Patrick Collinson in the Guardian reflects that while UK Insolvency Service figures show that individual bankruptcies and debt relief orders have fallen over the last year to the lowest level in a decade, the Citizens Advice Bureau has warned that the coronavirus crisis has driven up energy bill debt, unemployment and rental arrears. He highlights that the number of applications forcing someone into bankruptcy has fallen as various initiatives reduced proceedings, while noting that a “broad system of support” for those in debt has emerged. However, Mr Collinson says the “great reckoning is to come”, with history pointing to an 18 month to two-year lag after a crisis “before the proverbial rug gets pulled”. He notes that the peak period for individual insolvencies was in Q4 2009 – two years after financial crisis first hit. “Expect that record crash; and many people’s lives – to be shattered some time in 2022”, he warns.

The Guardian, Page: 39


Big Four employ CCP members

Documents seen by the Telegraph show that the Big Four have employed more than 2,000 members of the Chinese Communist Party (CCP), including at least one partner in every firm. At least 400 KPMG staff had CCP membership in 2016, while EY and Deloitte each employ more than 800 party members, including Deloitte’s deputy director in China. The report also shows that some senior staff at PwC are members, including at least one partner. MP Bob Seely, a member of the Foreign Affairs Select Committee, said the issue “is a bizarre and scandalous state of affairs,” arguing that alongside an “espionage risk, which is clearly highly serious in itself”, the matter raises “significant questions” about client confidentially. The Telegraph notes that there is no evidence to suggest that any of the CPP members have prejudiced the interests of clients.

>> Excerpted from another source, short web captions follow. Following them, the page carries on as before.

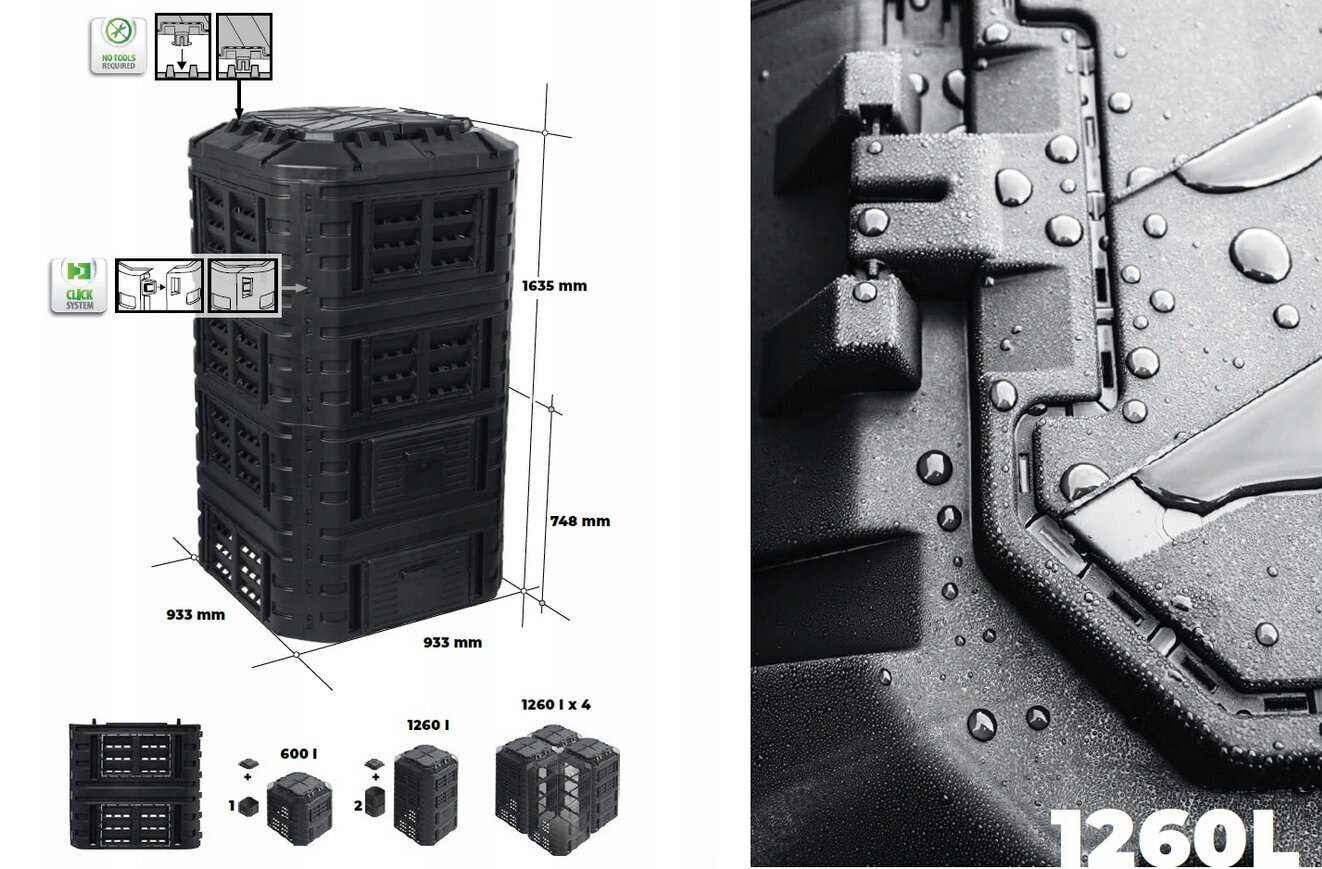 Komposter Patrullgrupp, 1260L, must hind ja info | Kompostrid, prügikonteinerid | kaup24.ee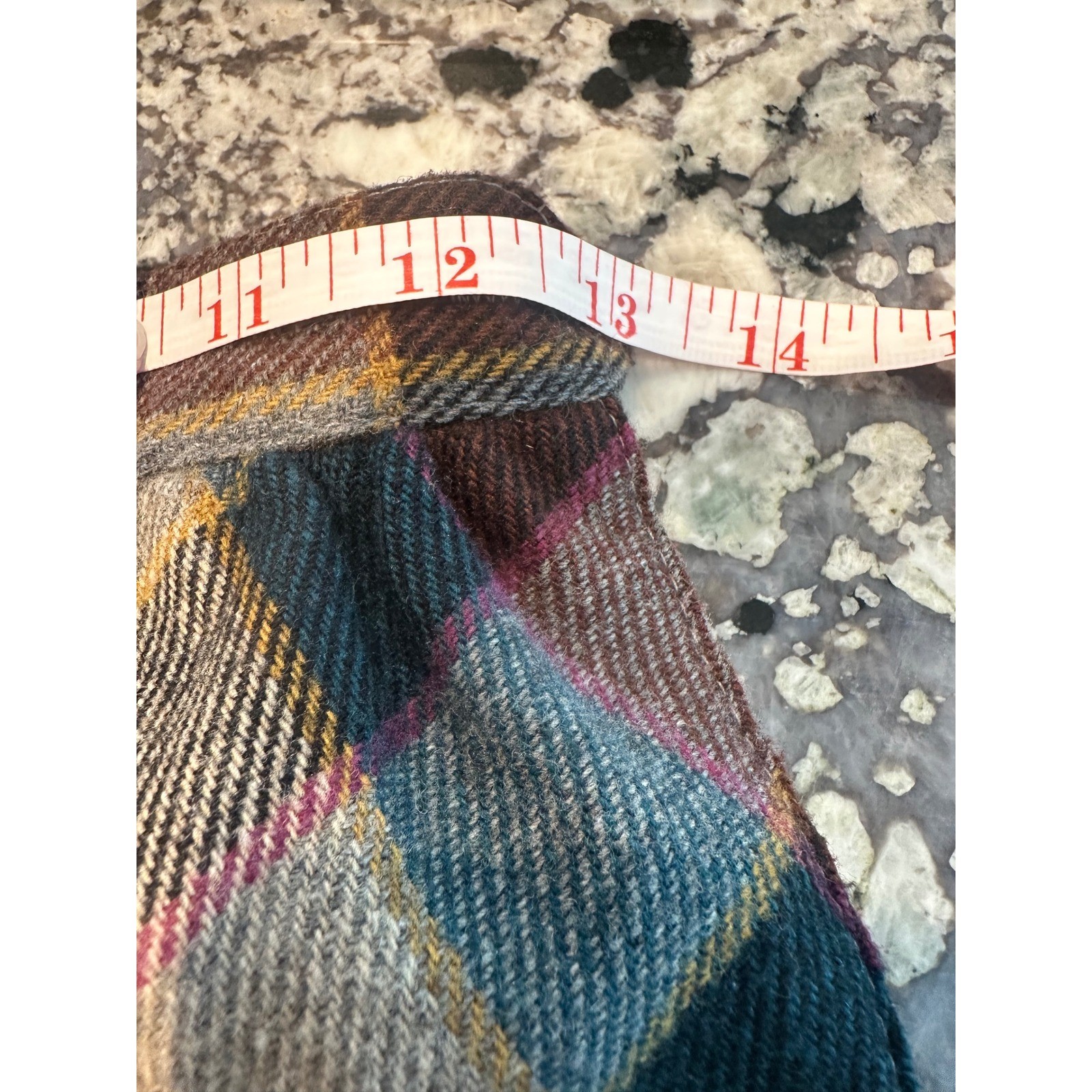 Vintage Koret Plaid Wool Blend Midi Skirt Burgundy Teal Made in USA Size 25 inch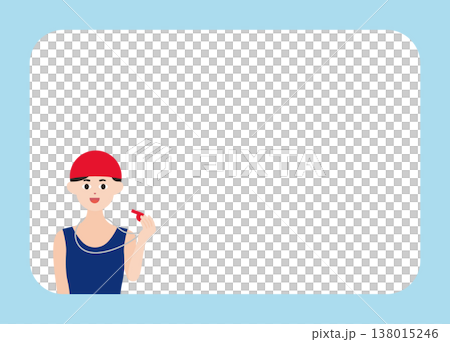 ホイッスルを持った水泳コーチ・選手の横フレームのベクターイラスト素材 138015246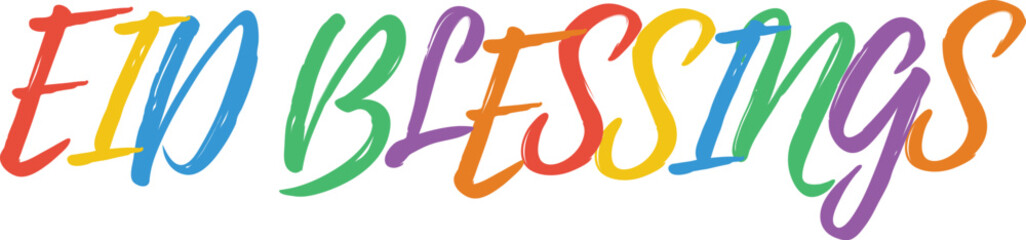 Eid blessings, a vibrant and cheerful handwritten inscription for islamic holiday greetings on a transparent background © Md Asif Shahnaoaz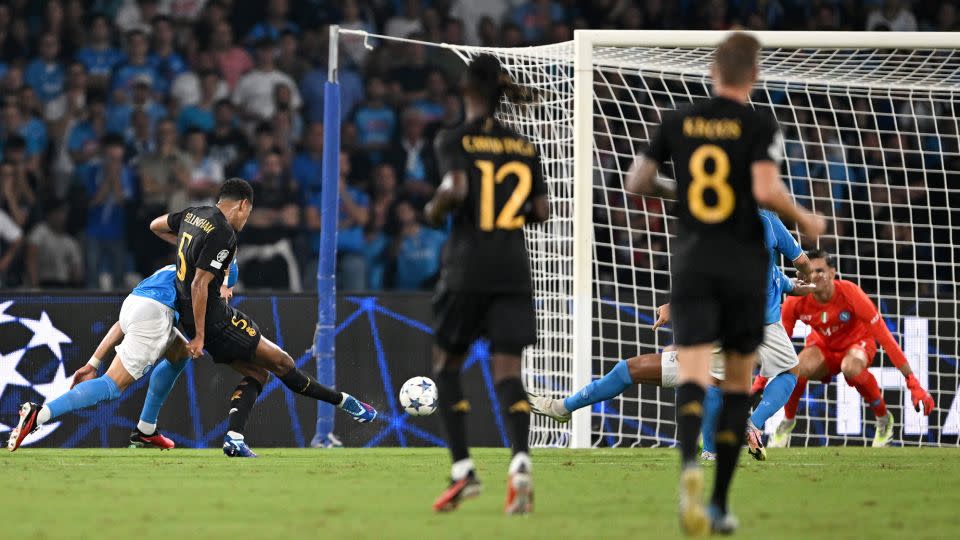 Bellingham scores Real Madrid's second goal against Napoli. - Francesco Pecoraro/Getty Images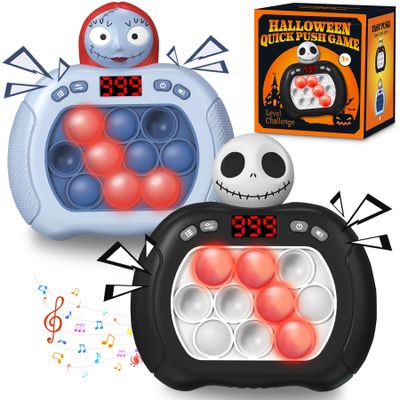 2pcs Christmas Pop Push Game Light Up Fidget Toy,Halloween Toys for Boys Grils Teens Age 3-12,Pop Bubble Sensory Toys,Halloween Party Favors Halloween Trick or Treat Gifts (Black-Blue)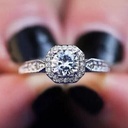 Round Cut Lab Grow Diamond Engagement Ring, Cocktail Ring, Antique Art Deco Filigree Ring, 14K White Gold, Tiara Wedding Ring, Ladies Gift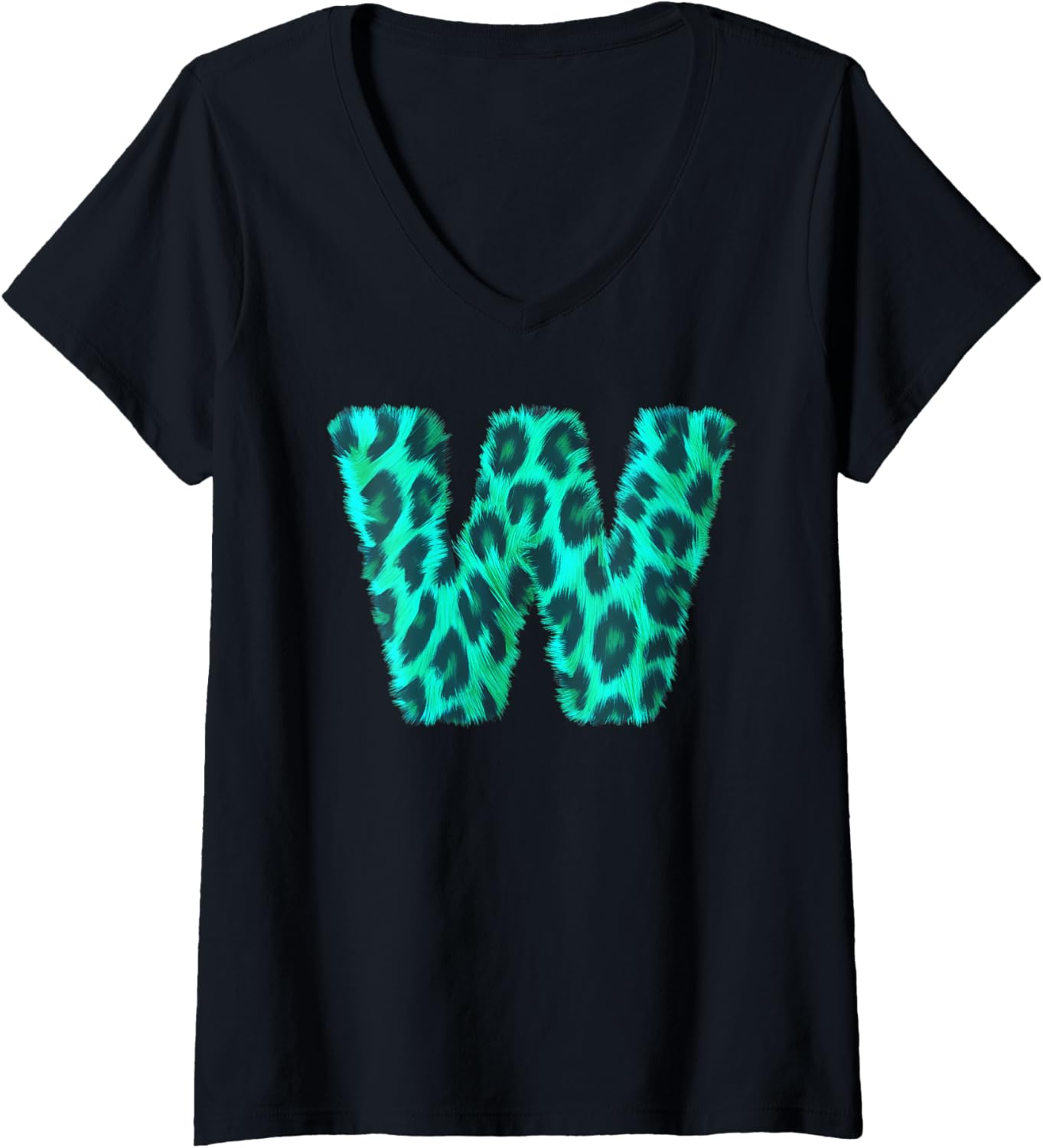 Womens Letter W Cheetah Leopard Print Blue Initial Zebra Matching V Neck Apparel Comfort Fit Gift Ready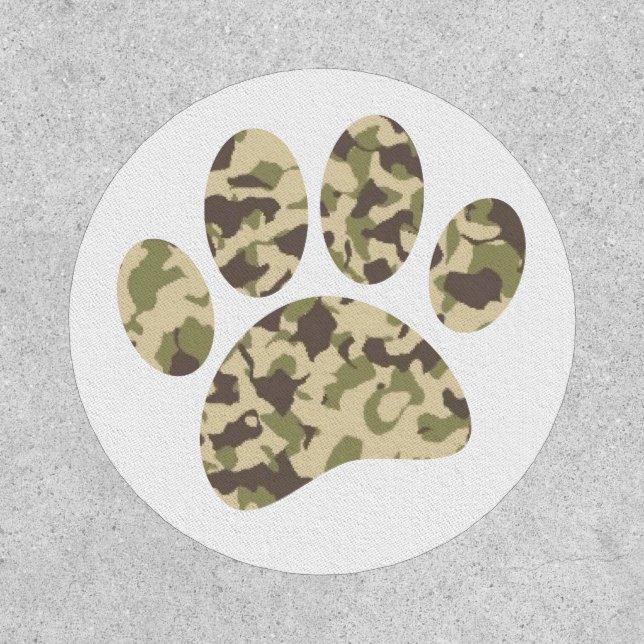 Camo Dog Paw Print Patch (Front)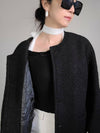 Women's Collarless Stitching Simple Long Jacket Black - PRETONE - BALAAN 6
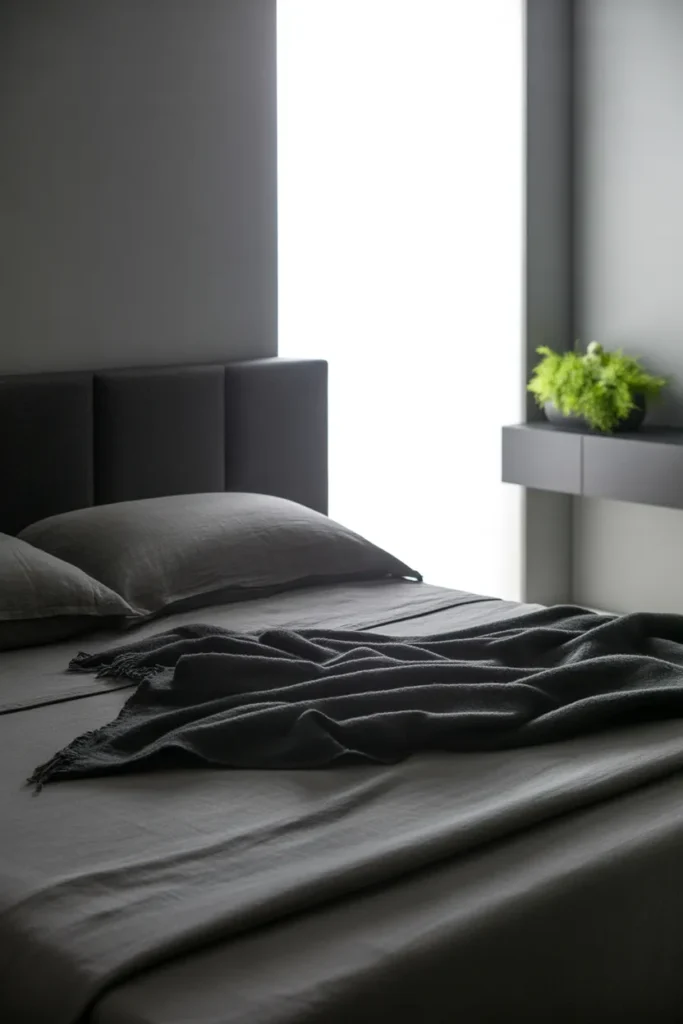 dark grey headboard bedroom ideas
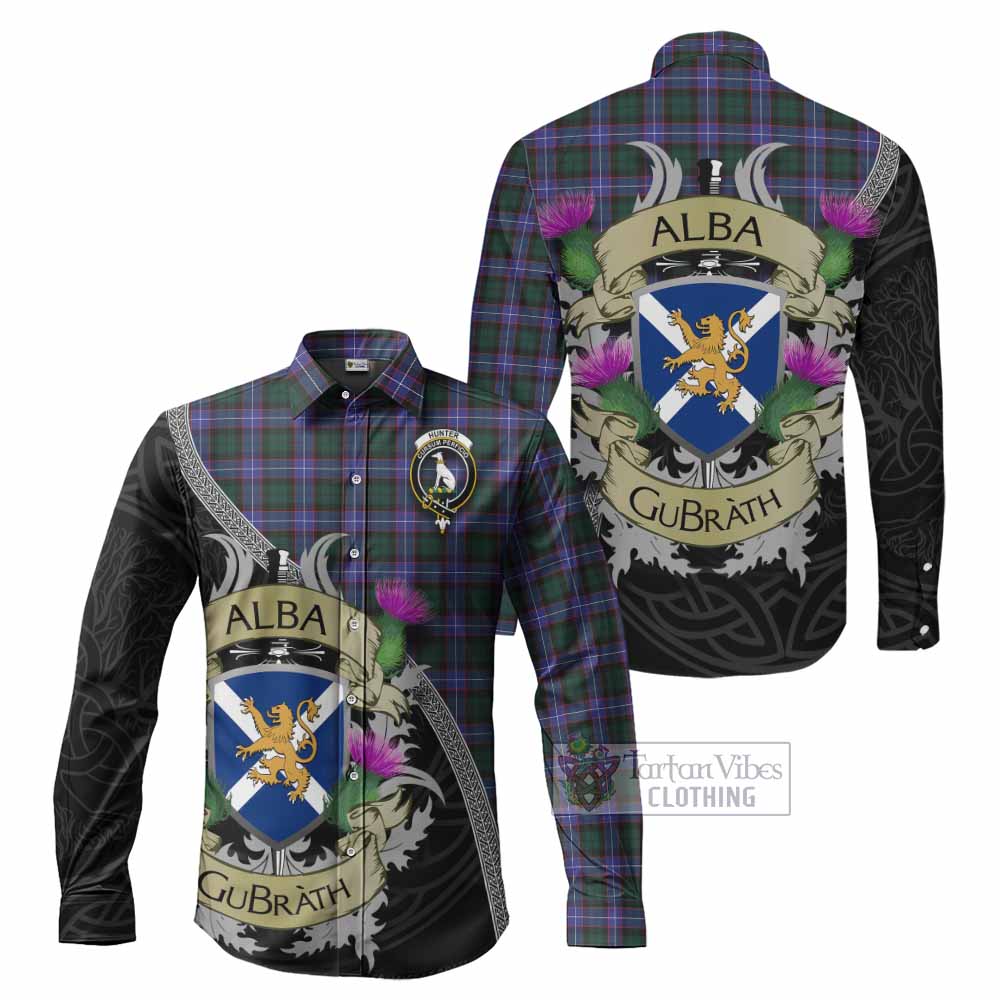Tartan Vibes Clothing Hunter (Hunterston) Tartan Family Crest Long Sleeve Button Shirt Lion Rampant Royal Thistle Shield Celtic Inspired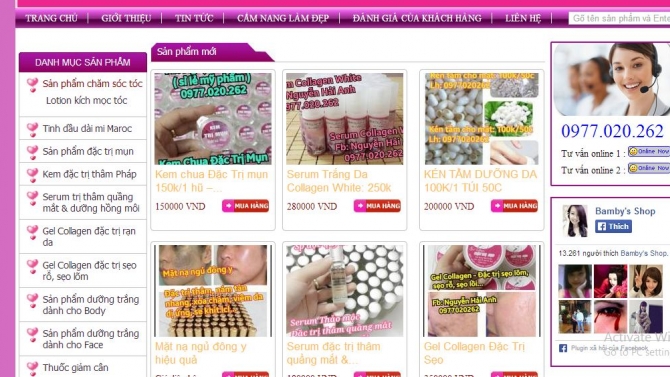 code website mỹ phẩm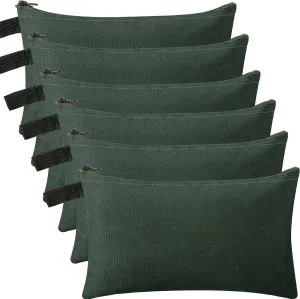 12 Pcs Canvas Tool Bag Pouch 16 oz Heavy Duty Zipper Pouch Bag 11.81 x 7.87 Inch Utility Multipurpose Tote Organizer with Dependable Zipper Storage Organizer for Tool Organization Army Green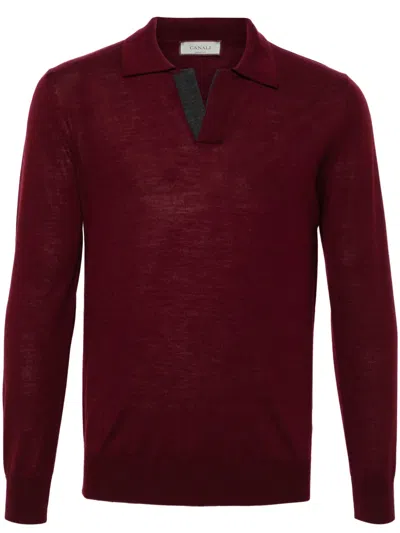 Canali Merino Wool Polo Shirt In Red
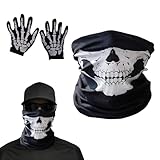 Jewkot 3 PCS Riding Equipment Skull Head Cover + Ghost Gloves, Multifunctional Sports Facial Decorative Accessories, Outdoor Protective Mask, Universal for Most Cars (Black)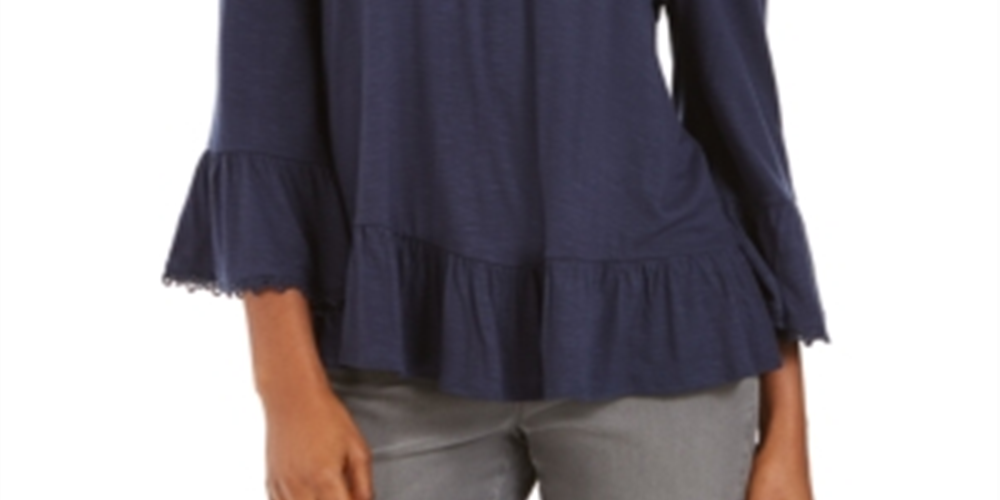 Style & Co Women's Off the Shoulder Bell Sleeve Top Blue Size Medium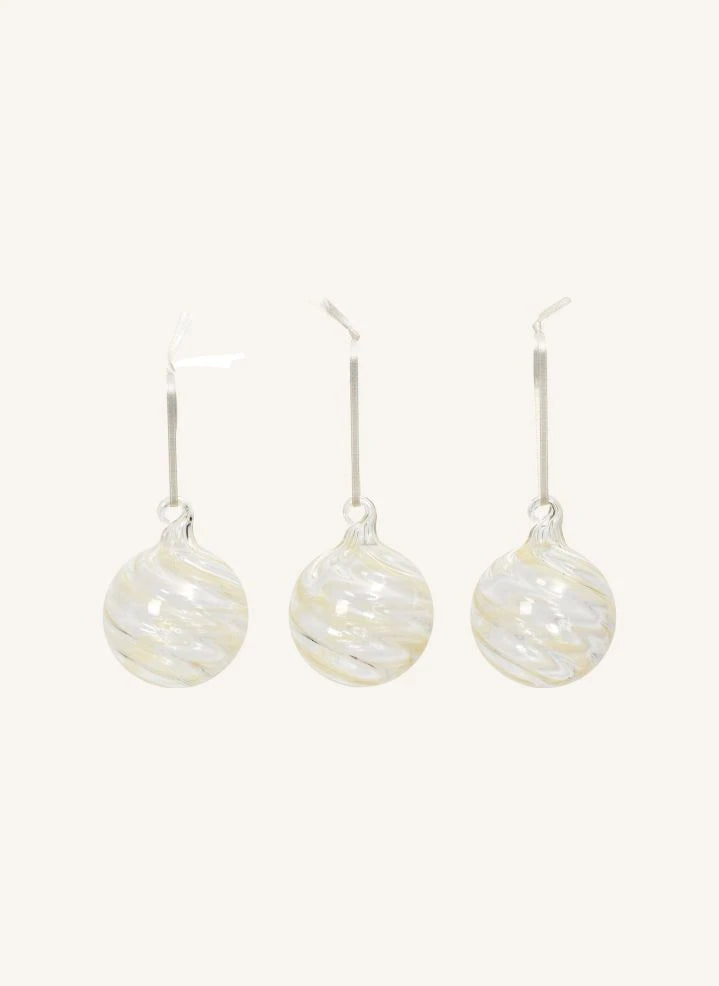 Broste Copenhagen - Glas gewundene Weihnachtsdekorationen - 3er Set | Weiß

The Daily Telegraph, Page: 1


To save the high street, first fix business rates

An FT editorial calls for reform of the business rates system, saying it needs to be fit for purpose so as to help address the challenges facing the retail sector.

Financial Times, Page: 24


Capital Economics issues optimistic prediction

Economists at consultancy Capital Economics have predicted that the coronavirus vaccine will see the UK economy recover more quickly than most analysts expect. While the Government’s official forecaster has predicted growth of 5.5% in 2021 and 6.6% in 2022 following a decline of 11.3% this year, Capital Economics believes that following a record decline of 11.5% this year, the economy will grow by 7.5% next year and by the same rate the year after. Paul Dales, chief UK economist at Capital Economics commented: “We think the C OVID-19 crisis will lead to minimal long-term scarring. Later this decade GDP will return to the path it would have been on if C OVID-19 never existed.” The firm also suggested that chancellor Rishi Sunak will not raise taxes or reduce spending in 2021 or 2022.

City AM

Retail sales fall north of the Border

The latest monitor from the Scottish Retail Consortium and KPMG shows that retail sales in Scotland fell by 10.2% last month compared with November 2019. On a like-for-like basis, sales decreased by 9.6%. Paul Martin, UK head of retail at KPMG, said ongoing localised lockdowns have “hit the sector at a time when it usually reaps the rewards from a pre-Christmas sales surge.” He added: “November’s data reflects the near-daily fight for survival facing many of Scotland’s retailers.”